Keepers of orthodoxy have been insulted and slandered in almost every possible way. They have been compared to the rich man at whose gate Lazarus lay, while they were feeding thousands at their own tables or privately from their meager earnings. They have been charged with passing by the unfortunate, like the priest and Levity who passed by the man who had fallen victim to robbers, while they were paying the hospitals bills and buying medicine for many. They have been accused of caring nothing and doing nothing for orphans, while they were taking many orphans into their own homes or providing for them in some other family. One great keeper of orthodoxy, who never "stopped over in Honolulu for a few hours" in his life and who never "by passed Honolulu" in his life, but who stayed at home and preached the gospel and tried to check a rapidly growing apostasy, was caricatured as an old woman trying to sweep back the ocean waves with a broom.

May God give us more keepers of orthodoxy! Not the kind that wants to organize a Ku Klux Klan or a Vigilante to do the work of civil government, but the kind that believes the institution that God ordained to protect the innocent and punish the guilty is the one that ought to do it. (Rom. 13:1-7)

May God give us more keepers of orthodoxy! Not the kind that wants to organize a missionary society through which to convert the world, but the kind that believes the institution that God ordained to make known his manifold wisdom is the one that ought to do it. (Eph. 3:10)

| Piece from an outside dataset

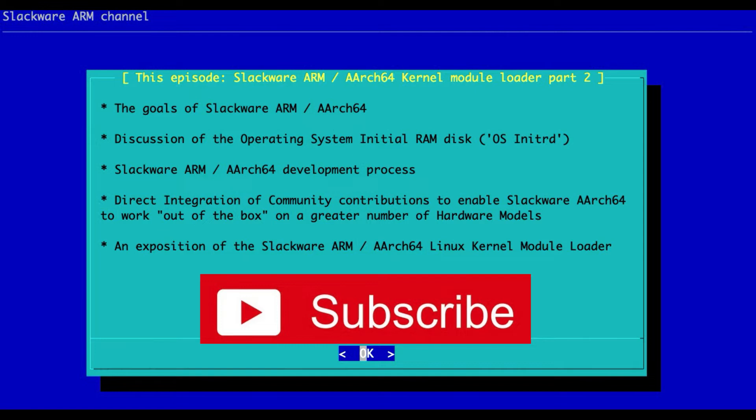Before we get too far in, I want to cover a couple of terms that will be useful in this podcast and in the documentation for Slackware ARM and Slackware ARCH64. A hardware model — examples would be the RockPro64 version 2.1, the Pinebook Pro, the Raspberry Pi 1, Raspberry Pi 2, Raspberry Pi 3, Raspberry Pi 4, the Orange Pi Plus 2E, and so on. It's not just a model like Raspberry Pi 1, 2, 3, 4 — it's the revision of that particular model. A platform is ARM, ARCH64, x86, x86-64, S390, RISC-V — those are the platforms.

May God give us more keepers of orthodoxy! Not the kind that want to organize a benevolent society through which to take care of the orphan and the aged; but the kind that believes the family, the institution that God ordained for the care of all indigent, both young and old, and to which Jesus committed the care of his mother (John 19:26,27), is the institution through which it ought to be done.

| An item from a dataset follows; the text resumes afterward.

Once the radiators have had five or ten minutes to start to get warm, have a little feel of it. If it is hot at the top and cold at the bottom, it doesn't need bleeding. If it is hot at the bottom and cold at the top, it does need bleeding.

Has any man ever formed anything better through which law and order might be maintained, than civil government which God ordained for that work?

Has man ever formed anything better through which the gospel might be preached in all the world, than the family which God ordained for that work?

God forbid that I should ever become so unorthodox as to lose faith in God's system and conclude that man can form institutions that will do the work better than the institutions that God ordained for that work. If I can so live that when my "summons comes to join

The innumerable caravan, that moves To the pale realms of shade, where each shall take His chamber in the silent hall of death,"

that I can approach my grave,

"Like one who wraps the drapery of his couch About him, and lies down to pleasant dreams,"

and those who are left behind and who love me best can truthfully say, "He was a keeper of orthodoxy," then the one great hope of my life will have ended in fruition, and I believe the Lord will be pleased.